Exercise instructions — Search the listing below for the line containing "Jens Lapidus - Livet de luxe". From there through the line containing "USE CUSTOM OVERLAYS, GRIDS", transcribe every line exactly, both ends included.

Records —
╭──

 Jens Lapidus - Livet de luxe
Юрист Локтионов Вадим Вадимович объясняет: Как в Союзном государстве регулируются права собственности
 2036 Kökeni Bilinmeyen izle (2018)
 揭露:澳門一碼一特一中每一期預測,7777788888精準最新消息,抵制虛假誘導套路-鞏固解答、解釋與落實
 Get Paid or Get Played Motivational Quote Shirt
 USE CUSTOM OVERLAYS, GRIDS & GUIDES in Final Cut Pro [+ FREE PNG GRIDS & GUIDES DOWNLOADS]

╰──
╭──

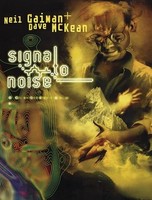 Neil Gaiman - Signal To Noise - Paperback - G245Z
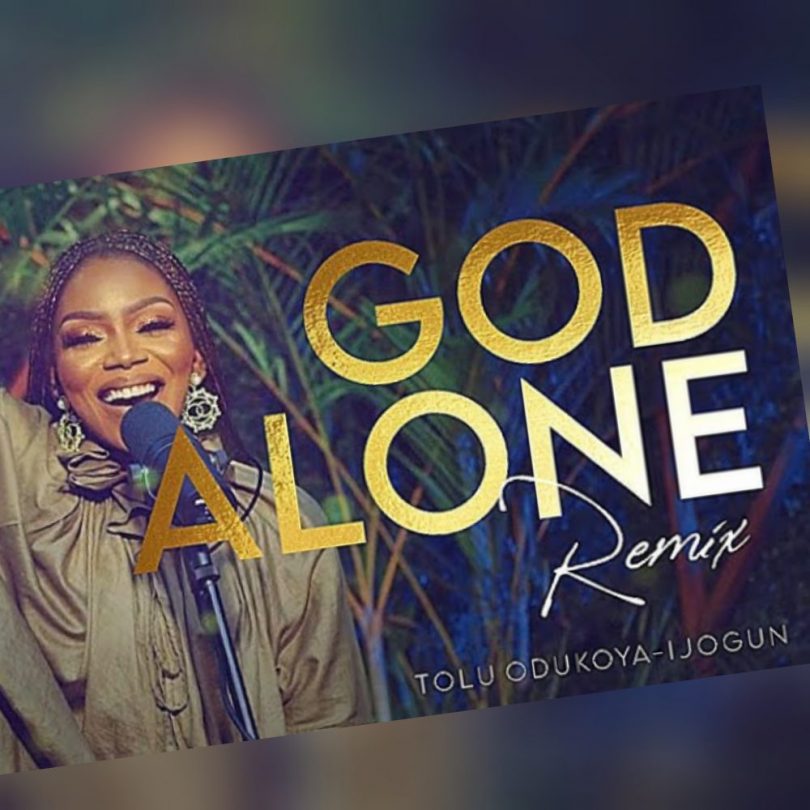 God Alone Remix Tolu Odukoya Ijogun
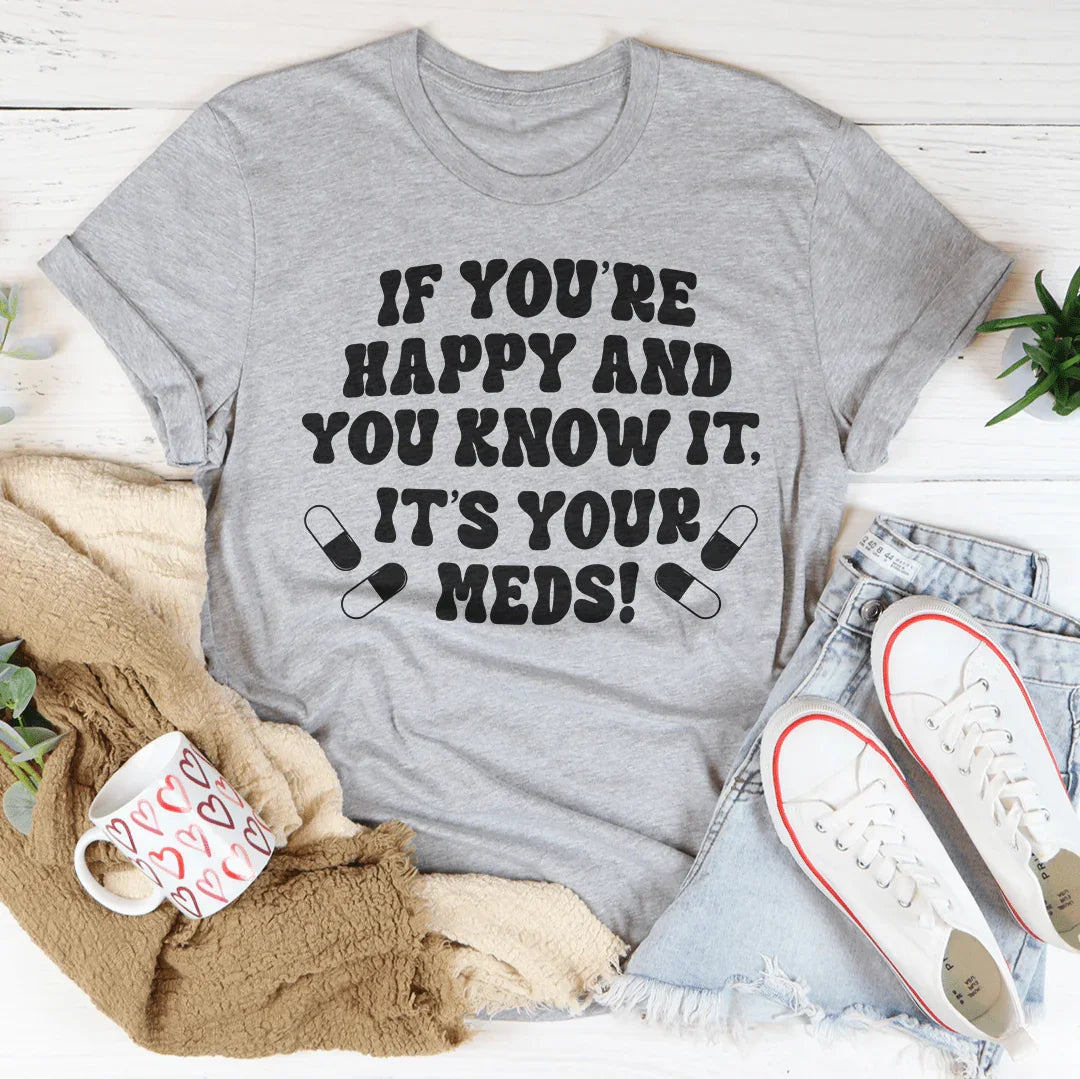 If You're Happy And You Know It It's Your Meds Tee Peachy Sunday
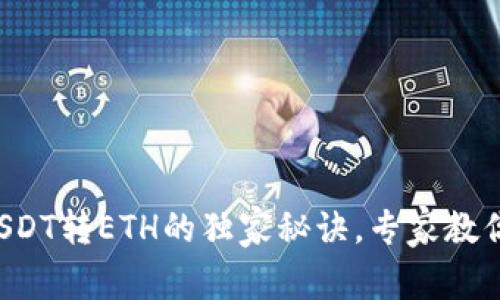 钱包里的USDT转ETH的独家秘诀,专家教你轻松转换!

╰──

Answer —
 Jens Lapidus - Livet de luxe
Юрист Локтионов Вадим Вадимович объясняет: Как в Союзном государстве регулируются права собственности
 2036 Kökeni Bilinmeyen izle (2018)
 揭露:澳門一碼一特一中每一期預測,7777788888精準最新消息,抵制虛假誘導套路-鞏固解答、解釋與落實
 Get Paid or Get Played Motivational Quote Shirt
 USE CUSTOM OVERLAYS, GRIDS & GUIDES in Final Cut Pro [+ FREE PNG GRIDS & GUIDES DOWNLOADS]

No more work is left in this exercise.